Except, I wasn't all that good at it.
Especially when I took the time to aim.
Ehh. It happens.
Then, a couple of years ago, I tried to take up golf. My golf game is much like my archery game, except I was much more fashionably dressed for my one and only official tee time.
And all of this has to do with my new dryer. I promise.
I've always admired those people who could strategically charm their way into deals and discounts, but I just never could master the art.
Until Sunday. When my dryer broke. Right at the exact moment that I had finally psyched myself up to wash all twenty-five loads that had begun crowding me out of my bedroom.
Not really, I only had two to do. But still.
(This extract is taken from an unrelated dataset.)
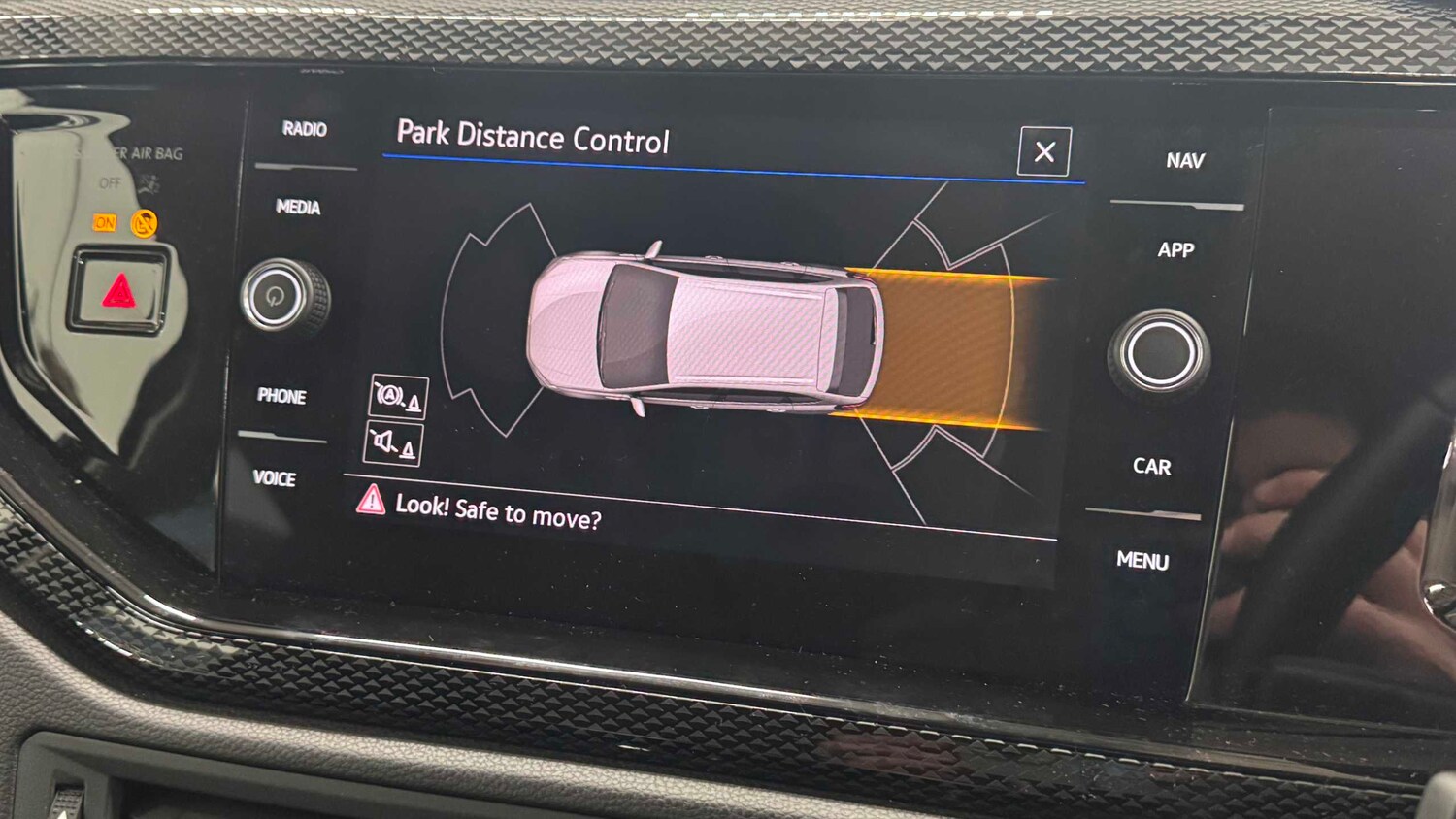 Used Volkswagen Taigo 2025 for sale - 77859565: Photo 14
So I was a damsel in distress, but I wasn't acting, when I sulked into my local appliance supplier and then sulked some more when I realized that a new gas dryer costs just about twice the amount as the new tires I've been praying to save up for before December. Sigh.
I'm not sure if it was the sulking sob story, the compassion-filled eulogy of my trusty old convenience, or the animated manner in which I attempted to cope with this last straw that had been added to the camel's back, but the salesman magically adjusted the price of my new dryer to roughly the equivalent of new tires.
Apparently, my charm works quite a bit like the astute way I'm able to maneuver a bow and arrow or golf club.
Which is great, because air-drying my underwear and socks is just weird.